Bowater Mersey Paper Company Limited
- Industry: Forestry
- Founded: 1929 as the Mersey Paper Company Limited
- Founder: Izaak Walton Killam
- Owner: Government of Nova Scotia

= Bowater Mersey Paper Company Limited =

Forestry company operating in Nova Scotia

The Bowater Mersey Paper Company Limited, commonly shortened to Bowater Mersey, is a forestry company operating in the Canadian province of Nova Scotia.

From 1929 until June 2012 Bowater Mersey operated a thermomechanical pulp (TMP) mill and associated paper mill producing newsprint located in Brooklyn, Nova Scotia. Annual production in 2011 was approximately 253000 MT of newsprint.

Since December 10, 2012 the company has been owned by the Government of Nova Scotia, which is in the process of decommissioning the TMP mill site.

==History==
The company was founded in 1929 as the Mersey Paper Company Limited by Nova Scotia industrialist Izaak Walton Killam. That year the Mersey Paper Company Ltd opened a pulp mill in Brooklyn on the northern shore of Liverpool Bay, in the estuary of the Mersey River. The mill had its own shipping and receiving pier to accommodate ocean freighters. To power the mill, the company dammed the Mersey approximately 30 km upstream at Indian Gardens, in the process creating a reservoir named Lake Rossignol.

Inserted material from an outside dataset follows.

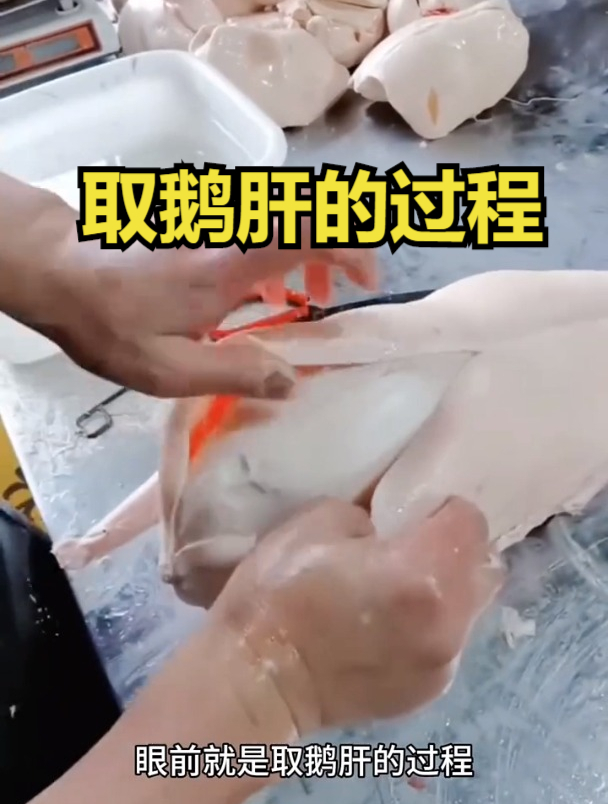 取鹅肝的过程,这鹅是吃什么长大的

In 1956 the estate of Izaak Walton Killam sold the company to Bowater which renamed the company Bowater Mersey Paper Company Limited in 1959. At the same time, Killam's estate sold the Mersey River generating stations to the then-provincial Crown corporation Nova Scotia Power.

In 1963 the Washington Post Company purchased 49 percent of the common stock of Bowater Mersey Paper Company Ltd., with Bowater retaining the controlling 51 percent ownership.

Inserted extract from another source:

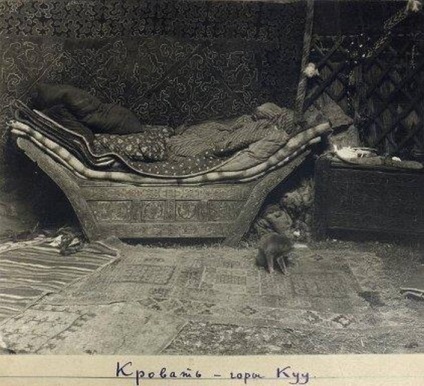 Pisica era un animal sacru pentru kazahi, un amestec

Changes to the corporate structure and ownership of parent company Bowater saw that company's name evolve to become AbitibiBowater Inc in 2007 and Resolute Forest Products in November 2011.

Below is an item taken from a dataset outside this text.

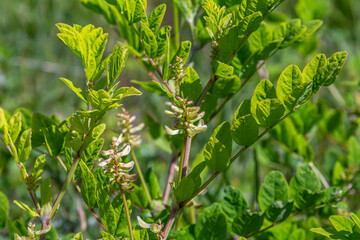 In the spring Chamaecytisus ruthenicus blooms in the wild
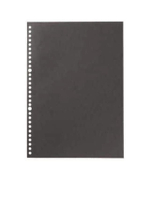 NOTEBOOK TYPE LOOSE LEAF BK A4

In October 2011 it was announced by parent company Resolute Forest Products that the Bowater Mersey Paper Company Limited was facing unprecedented production costs and that its operations would be re-evaluated later that fall. The parent company demanded concessions from the union, which were granted in a narrow vote in November 2011. Nova Scotia Power also committed to offer concessions in the form of discounted power rates and other incentives.

On June 15, 2012, the parent company Resolute Forest Products announced that the mill would be idling its Bowater Mersey Paper Company Ltd. mill indefinitely, effective with the end of the last shift on June 16. Resolute Forest Products also indicated that it would be selling its assets in Nova Scotia, including the idled mill, its timber lands, and the Brooklyn Power Corporation.

On December 10, 2012, it was announced that the Government of Nova Scotia had purchased all shares in the Bowater Mersey Paper Company Ltd. for $1.00 CAD from owners Resolute Forest Products Inc. and The Washington Post Company. This deal saw the provincial government acquire all Bowater Mersey assets and liabilities, except for a sawmill in Oakhill, Lunenburg County. The assets of Bowater Mersey transferred to the provincial government include 555000 acre of forest land, the pulp mill and paper mill in Brooklyn, a deep water marine terminal at Brooklyn, and the Brooklyn Power Corporation biomass electrical generating plant. Liabilities include a $20 million debt to Resolute Forest Products Inc., a $120 million pension liability for workers in the woodland and pulp mill operations, and environmental liabilities for the pulp mill site. The provincial government announced that it had reached a simultaneous agreement with Nova Scotia Power Corporation to sell Brooklyn Power Corporation for $25 million. On December 11, 2012, the provincial government announced that the TMP mill in Brooklyn would be decommissioned and the site become the site of a forest industry research facility with a focus on biomass energy.

==Shipping fleet==
The year after the mill began production in 1929, Mersey Paper Company Ltd founded Mersey Shipping Company Limited in 1930 which was renamed to Markland Shipping Company Limited in 1937 and Bowater Steamship Company of Canada Limited in 1959. Its ships carried pulp wood and paper products for the Brooklyn mill and other shippers.